Era proprio così che si sta quando si infrangono i sogni. Tra lo sforzo e l’energia della rabbia e la stanchezza e la pigrizia del dolore.
Quando Giacomo mi dice che posso alzarmi sono come Dresda bombardata. Mi rendo conto che devo alzarmi lentamente. Mi gira un po’ la testa. Vado piano. Giacomo mi offre delle caramelle dolci ricoperte di cioccolato. Tipo M&M’s.
Mi rimettono al mondo. Mi accorgo che ho fame. Sono le due e mezzo.
Due ore ci abbiamo messo.
Vado a vedere il mio nuovo tatuaggio allo specchio grande nel mezzo al salone. Mi guardo, lo guardo. È bellissimo.
È perfetto. Giacomo, è bellissimo.
Allo specchio mi vedo con un nuovo disegno sul costato. Segue armoniosamente la linea del mio corpo. La accentua, sembro più bella, sono più bella.
Mi sento più bella e più forte.
Lo sono.
Il ragazzo della reception torna con una macchina fotografica.
Lui e Giacomo accendono le luci e le posizionano.

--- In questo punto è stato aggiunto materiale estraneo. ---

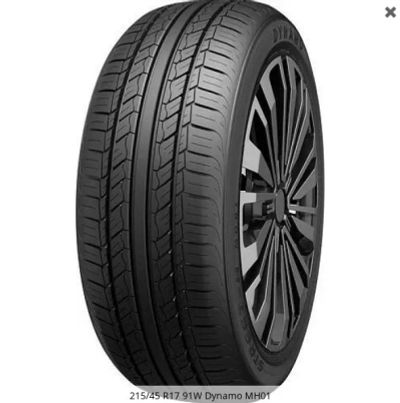 Лот: 19331128. Фото: 1. шины 215/45 R17 Dynamo MH01 91W... Шины
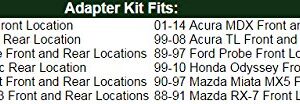 Exact Fit Speaker Adapter Spacer Rings For Select Acura, Fits Ford, Fits Honda, And Mazda Vehicles - 5" Cutout - SAK056_5-1 Pair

Mi spoglio, mi copro il seno con un braccio, mi metto in posa e sogno il momento in cui questo mio nuovo tatuaggio sarà guarito e io sarò libera di fotografarmi nuda per mostrare al mondo questo mio stare, questo mio essere. Questo mio sentire.
It’s bleeding a lot, dice Reception a Giacomo, can you clean it please?
Sto sanguinando. Mi brucia tutto. Sono felice. Ce l’ho fatta, di tempo e di energie.
Sono venuta a Berlino a farmi un tatuaggio per tirare fuori il dolore che avevo dentro.
Un amico è riuscito a farmi vivere questa esperienza e lasciarmi, contemporaneamente, il segno di questa ferita invisibile che invece io volevo mostrare a chiunque incontrerò. Per sempre.
Lui aveva tredici anni, io quindici. Io facevo già il liceo e lui la terza media. Lui era la versione adolescente di sé stesso, ma era già sé stesso. Io bo. Mi fece conoscere i Marylin Manson e i Tura Satana. Avrei cominciato ad ascoltarli per pomeriggi interi, soprattutto i secondi perché la cantante era una donna e mi ci immedesimavo di più.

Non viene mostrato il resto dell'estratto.